Team Francis went one step further. Using in vitro fertilization technologies, they transplanted fertilized eggs from calm line mice into the “fearful” mice that were carrying them. The control group of "calm" mice was transplanted with "calm" embryos - in case the very procedure of artificial insemination and implantation affects the result. After birth, some cubs of the "calm" line were raised by "fearful" mothers, and some by "calm" mothers. What was discovered? When mice, in theory genetically “calm”, developed both in the womb and in infancy in “fearful” mothers, they grew up as “fearful” as other mice of the “fearful” line. Same genes, different environment, different result.

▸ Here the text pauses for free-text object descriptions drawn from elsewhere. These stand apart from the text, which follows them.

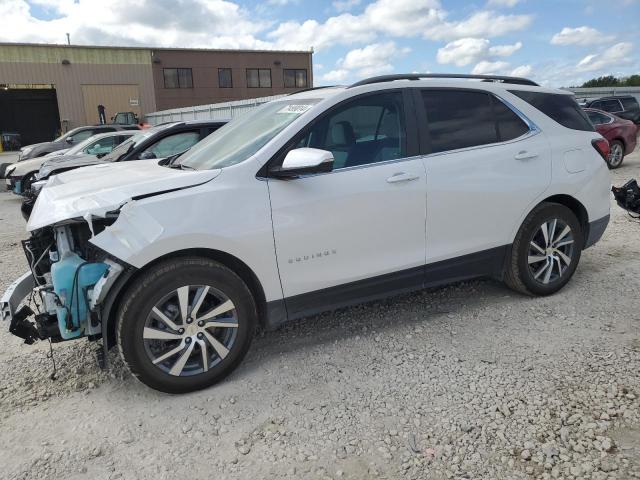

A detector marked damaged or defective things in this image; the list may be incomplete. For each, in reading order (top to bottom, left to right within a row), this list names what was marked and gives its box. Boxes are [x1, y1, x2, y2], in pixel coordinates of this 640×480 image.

damaged front end [0, 218, 125, 356]
crumpled hood [27, 160, 221, 232]
damaged white suv [0, 73, 608, 392] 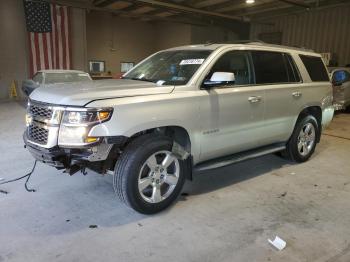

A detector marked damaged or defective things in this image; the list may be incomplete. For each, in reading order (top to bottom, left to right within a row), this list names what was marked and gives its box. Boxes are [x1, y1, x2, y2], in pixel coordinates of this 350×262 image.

front bumper damage [23, 134, 127, 175] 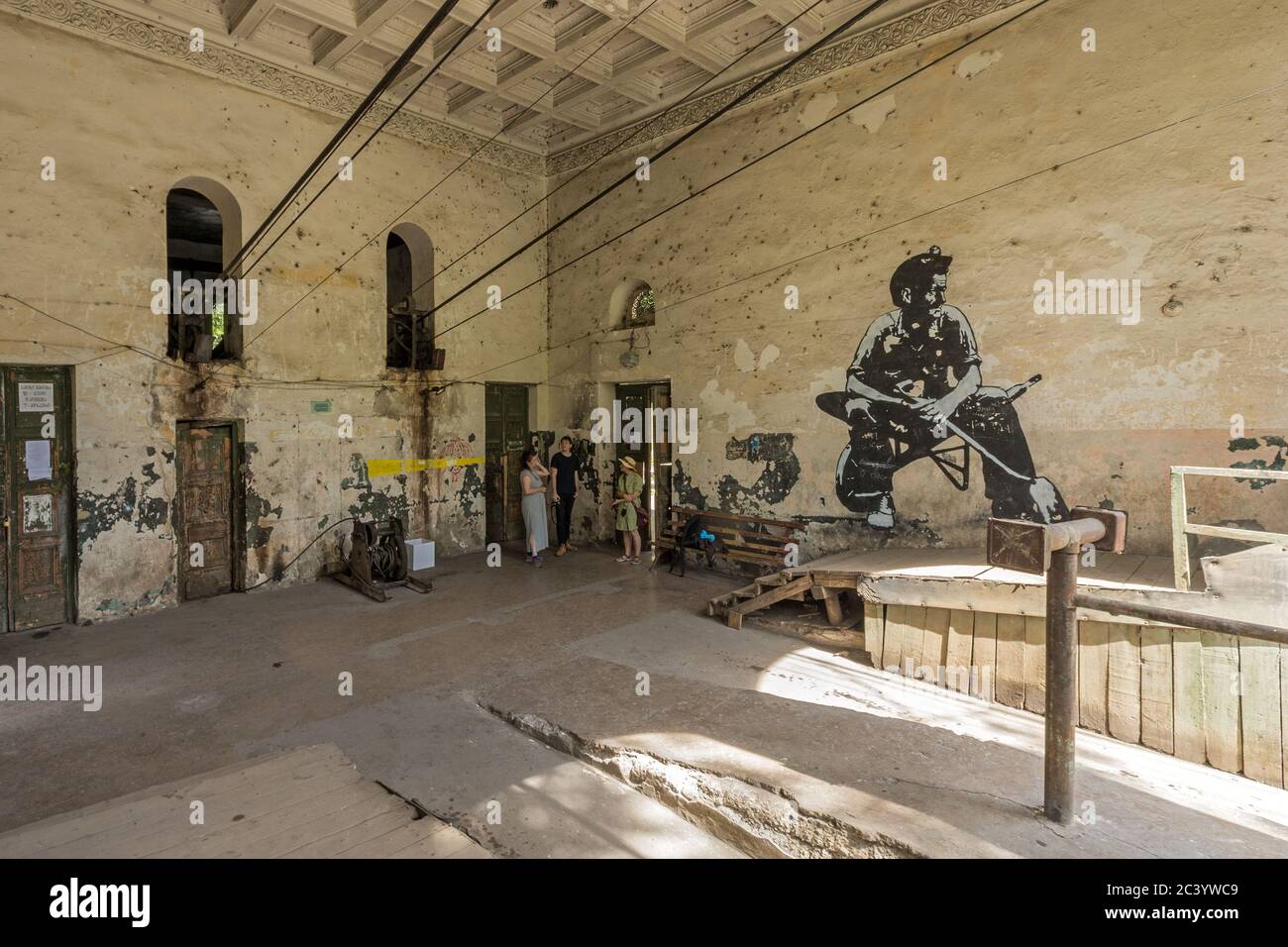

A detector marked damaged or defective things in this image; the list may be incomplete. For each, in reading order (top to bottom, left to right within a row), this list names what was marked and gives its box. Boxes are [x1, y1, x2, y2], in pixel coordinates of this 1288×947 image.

peeling plaster wall [0, 16, 546, 623]
rusty machinery [332, 517, 432, 600]
peeling plaster wall [543, 0, 1288, 559] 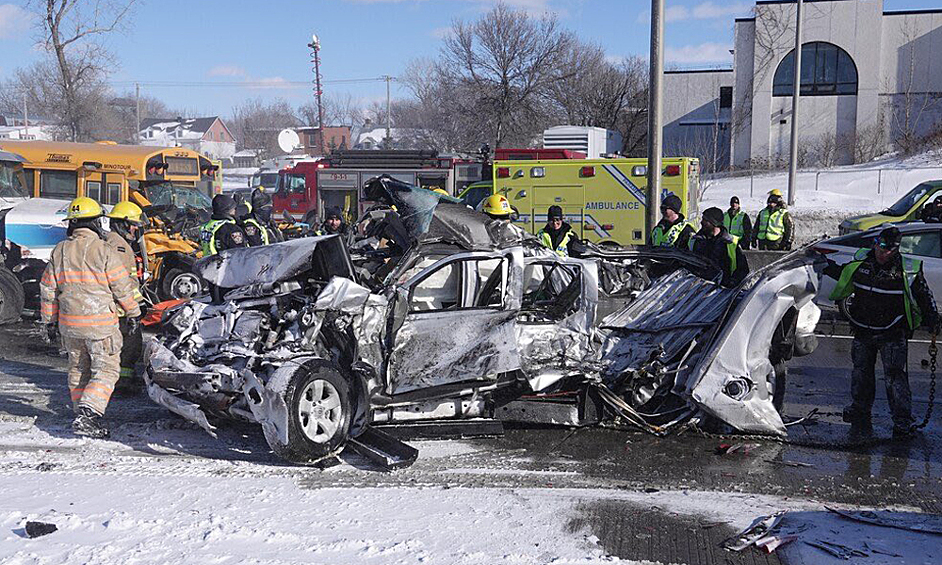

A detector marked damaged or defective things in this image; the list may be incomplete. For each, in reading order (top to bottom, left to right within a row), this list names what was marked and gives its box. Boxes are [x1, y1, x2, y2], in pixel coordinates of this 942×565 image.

broken car door [388, 247, 528, 392]
severely damaged car [144, 177, 824, 468]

This raises two questions. First, environmental influences don't start at birth. A factor or more of a “fearful” mother's environment during pregnancy - stress levels or nutrition - affect her children's anxiety and learning abilities, even as adults. These mechanisms may be associated with changes in brain structure, hormonal profile, or metabolism. Actually, some of these effects of intrauterine development have already been described for humans. Second question? Calm line mice are calm not only because of their genes: the environment of their intrauterine and infant development is the most important factor.

It must sound disappointing to those who stand up the mountain behind the urban legend of the power of genes.

Beware of oversimplified explanations - nature rarely gives clear answers. And store your genes in a designated place

Sometimes genetics speaks of inevitability: for example, if you have the gene for Huntington's disease, then by middle age you are 100% likely to develop this terrible neurological disease. But more often than most people think, genes mean both weaknesses and opportunities, not predestination. It follows from this fact how important the role of society is: genes do play a role in the fact that we behave in undesirable ways. But our knowledge of these genes teaches us that we are all the more responsible for creating an environment in which interaction with these genes will be favorable.